Privacy Policy
SERB takes legal compliance and ethics very seriously.
Purpose of the whistleblowing system
The whistleblowing system (BKMS® System) serves the purpose of securely and confidentially receiving, processing and managing reports regarding violations of applicable laws or internal rules of the SERB Group.
The SERB Group comprises SERB (8 avenue Beaumont, L-219 Luxembourg, Luxembourg), STARK INTERNATIONAL LUX (8 avenue Beaumont, L-219 Luxembourg, Luxembourg), SERB HOLDING FRANCE (40 avenue George V, 75008 Paris, France) and the other SERB entities as listed here: https://serb.eu/#our-presence (hereafter also: “SERB”).
The whistleblowing system is open to all current or former, permanent or temporary employees of SERB (“employees”), SERB's customers, suppliers, consultant, as well as third parties contractually linked to any SERB entity (all together referred to as a “Whistleblower”), to the extent the report is provided in good faith.
Good faith on the part of a Whistleblower means a lack of malice, willingness to harm and any absence of a counterpart or compensation of any kind. Hence, the Whistleblower must have reasonable grounds to believe in the truthfulness of the statements reported in his/her report.
It is therefore important to remember that any abusive or bad faith use of the whistleblowing system may expose its author to civil and/or criminal prosecution.
Thus, any Whistleblower who acts in good faith, in a disinterested manner and who has personally had knowledge or personally observed:
- A fact which he considers to constitute:
- A crime or a misdemeanour,
- A serious and manifest violation of an international commitment regularly ratified or approved by a country in which SERB operates,
- A serious and manifest violation of a unilateral act of an international organization formulated on the basis of an international commitment regularly ratified,
- A serious and manifest violation of the law or regulation,
- A threat or serious prejudice to the public interest,
- The existence of conducts or situations contrary to the Code of Conduct (available at www.serb.eu) that may notably constitute corruption or influence peddling
May bring this information to the SERB's attention by filing a report in the BKMS® System.
The report may not, however, relate to matters covered by national defence secrecy, medical secrecy or the secrecy of relations between a lawyer and his client.
No disciplinary action or discriminatory measures shall be taken against a Whistleblower who has reported a fact, even if the reported facts prove to be unfounded or does not give rise to any consequences, provided that the Whistleblower acted in good faith.
Please note that the whistleblowing system is only one of the means available to report the abovementioned facts. In particular, you can reach our Chief Compliance Officer at:
- Serb
- Chief compliance Officer (Confidential)
- 8 rue Beaumont
- RCS: B180.885
- L-1219 Luxembourg
- dpo@serb.eu
No action shall be taken against an employee who did not use the whistleblowing system while reporting.
Report examination and follow-up
Personal data and information entered into the whistleblowing system are stored in a database operated by EQS Group GmbH in a high-security data centre. Only SERB has access to the data. EQS Group GmbH and other third parties do not have access to the data. This is ensured in the certified procedure through extensive technical and organisational measures.
All data are stored encrypted with multiple levels of password protection so that access is restricted to a very small selection of expressly authorised persons at SERB.

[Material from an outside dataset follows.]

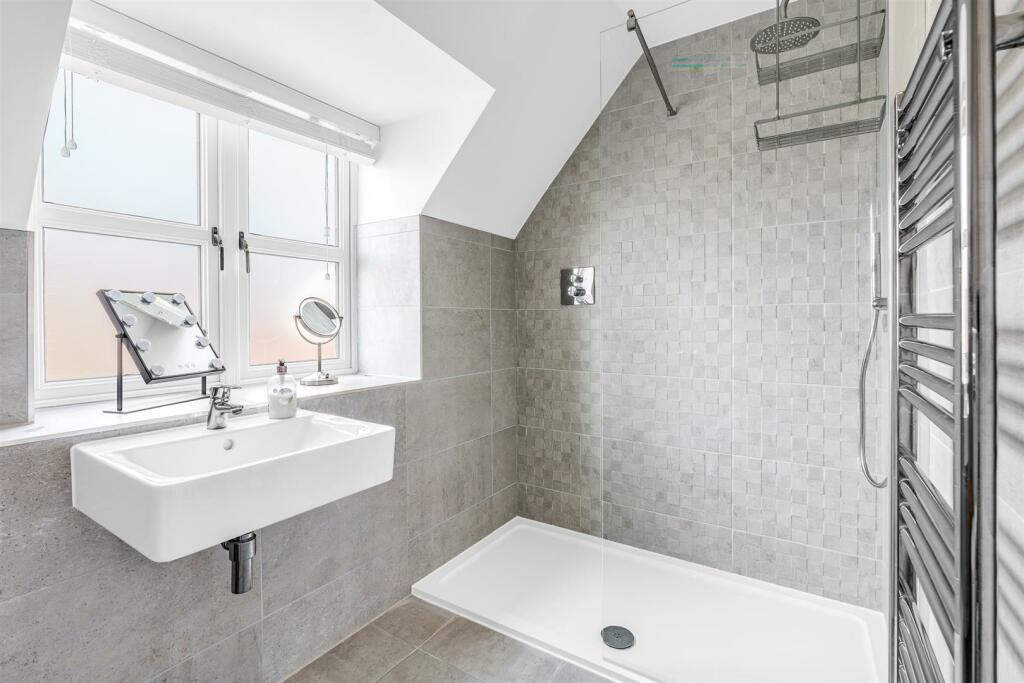 Additional image 4 of Butterwick Way, Welwyn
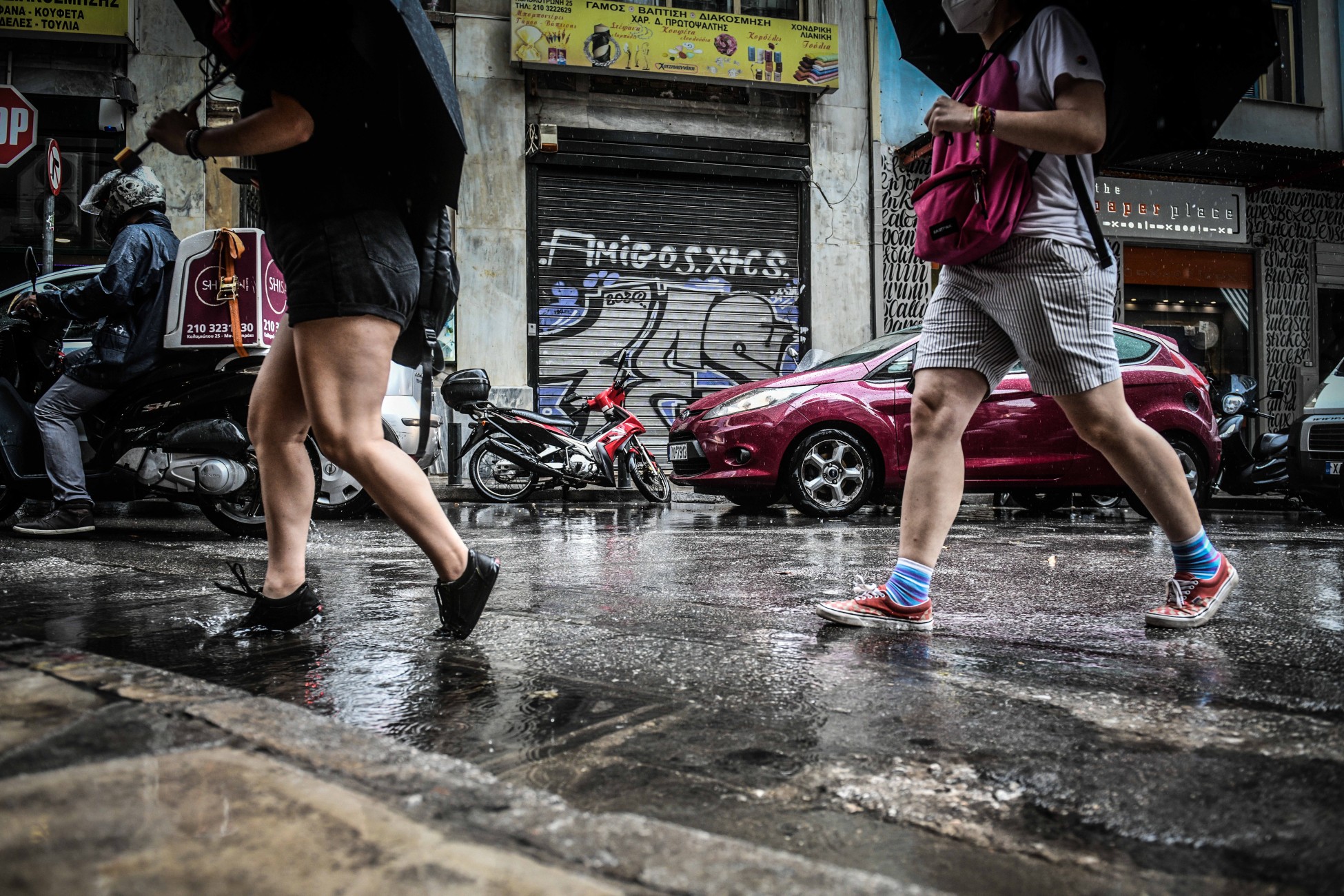 Καιρός σήμερα: «Άνοιξαν οι ουρανοί» στην Αττική – Καταιγίδες, διακοπές ρεύματος, χαλάζι (upd)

Incoming reports are received by a small selection of expressly authorised and specially trained employees of the Compliance department of SERB specifically created to handle and process such reports within the group, involving the Chief Compliance Officer, the Senior Legal Counsel, and the General Secretary. The employees of the Compliance department of SERB will evaluate the matter and perform any further investigation required by the specific case.
In case the Whistleblower provided its contact details on the BKMS® System, the Chief Compliance Officer will inform the Whistleblower of the receipt of the report by means of a response within a maximum of 10 calendar days, and will indicate the foreseeable reasonable period of time required to examine the admissibility of the report and in which he will be informed of the action taken on the report.
Any person implicated in the whistleblowing system (the “concerned person”) will be informed of the acts attributed to him or her under the conditions set out below, notably in order to be able to make use of his rights, including the rights of defence.
The Chief Compliance Officer will meet the concerned person at a place and under conditions that guarantee maximum discretion. The latter will then be invited to hand over any useful documents. Minutes of the meeting will be drawn up in which the Chief Compliance Officer will decide:
- Not to process the report, or
- To follow up the report by initiating all necessary legal proceedings through the Director General.
Alternatively, this information of the concerned person may be provided electronically or by regular mail.
During the processing of a report or an investigation, it may be necessary to give access to all or some of the data in the platform BKMS® System to employees specifically authorised by the Chief Compliance Officer, and if necessary outside of the European Union or the European Economic Area. Such data transfer will be handled pursuant to Article 45 to 50 of the EU-GDPR.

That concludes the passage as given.